Feminist olduğu yönünde kendisinden kalan bir delil veya bir duyum yok fakat fotoğraf tarzına ve yaklaşımlarına bakarsak Vivian Maier’in feminist olduğunu söyleyebiliriz. Örneğin; bir video kaydında, markette gazete manşetlerindeki ABD başkanı Nixon hakkında kadınlara soru soruyor, bir kadın bir şey söylemeyince “hadi ama kadınların fikri olmalı” diyor. Birçok feminist kadın fotoğrafçı gibi onların tarzında otoportresini çekiyor. Kadın cinayetleri ve kız çocuğu taciz haberlerini özellikle dosyalıyor, imkanı varsa olay yerini gidip inceliyor. Özellikle ağlayan kız çocuklarını fotoğraflarında fazlaca görüyoruz. Bir detay var, erkekler için “onların tek derdi kadınları kirletmektir” diyor. Maier, bilinçli olarak bir feminist mi yoksa erkeklere duyduğu öfke onu böyle davranışlara mı itti bilemiyoruz. Başka bir olay, bir gün tepe bir yerden fotoğraf çekerken düşeceğini sanan bir adam elini uzatıyor, adamı itekliyor ve kafasına tekme atıyor. Adam beyin sarsıntısı geçiriyor ve hastaneye kaldırılıyor. Erkeklere aşırı bir öfke duyduğu aşikar fakat bunun sebebini kimse bilmiyor. Onu tanıyanlar, geçmişte travmatik bir olay yaşamış olabileceğini düşünüyor.
Neden Kendini Bu Kadar Gizledi?
Bunu kimse tam olarak bilemiyor fakat uzun süre yanlarında çalıştığı bir ailenin ferdi bu durum için, geçmişte çalıştığı bir aile tarafından Vivian’ın aşırı aşağılandığı ve hor görüldüğü için içine kapanık olduğunu düşünüyor. Aynı kişi Maier’e “Hiç sağlık sigortan olmamış, bunu dert etmiyor musun?” diye sorunca “Fakirler ölemeyecek kadar fakirdir” cevabını veriyor.
Vivian Maier Ajan Mıydı?
Bu deli saçması söylemi birkaç yazıda gördüm. Genel kanaatim bunu söyleyenlerin Vivian Maier’in hayatı hakkında yüzeysel bilgiye sahip olmaları. “Bir kadın varmış, kendini gizlemiş, hep fotoğraf çekmiş” yaklaşımından öteye gidemeyen düşünceler.
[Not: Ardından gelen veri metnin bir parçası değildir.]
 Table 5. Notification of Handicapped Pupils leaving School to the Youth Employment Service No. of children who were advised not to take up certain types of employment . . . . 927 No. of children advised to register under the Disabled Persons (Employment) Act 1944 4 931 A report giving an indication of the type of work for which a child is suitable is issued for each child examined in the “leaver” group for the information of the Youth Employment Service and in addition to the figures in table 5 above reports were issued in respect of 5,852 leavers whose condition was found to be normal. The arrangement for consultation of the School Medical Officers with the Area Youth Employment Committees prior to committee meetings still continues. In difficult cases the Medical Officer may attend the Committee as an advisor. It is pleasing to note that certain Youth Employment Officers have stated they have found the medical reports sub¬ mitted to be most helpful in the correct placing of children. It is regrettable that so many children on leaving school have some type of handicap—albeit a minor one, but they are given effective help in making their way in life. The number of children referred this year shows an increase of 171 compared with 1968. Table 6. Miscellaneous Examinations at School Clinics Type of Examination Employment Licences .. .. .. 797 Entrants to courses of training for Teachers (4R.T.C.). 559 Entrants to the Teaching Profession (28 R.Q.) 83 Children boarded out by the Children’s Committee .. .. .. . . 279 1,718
Bir ajan neden farklı eyaletlerde sıradan ailelerde dadılık yapsın, neden gerçek adını kullansın, neden gününün büyük çoğunu çocuk bakıp yerleri silerek ve yemek yaparak geçirsin ve hepsinden öte neden sanatsal fotoğraflar çeksin? Neden portreler, ağlayan çocuklar, ambiyanslar, tatil fotoğrafları çeksin ve neden çöp toplayarak hayatının son evrelerini geçirsin. Kısaca yazıyı baştan sona kadar okuduysanız zaten bu yaklaşımın anlamsızlığını fark etmişsinizdir.
Not
Vivian Maier’in yaşamı ilginizi çektiyse; John Maloof’un Finding Vivian Maier (2013) ve Pamela Bannos’un Vivian Maier: Who Took Nanny’s Pictures (2013) belgesellerini izlemenizi tavsiye ederim.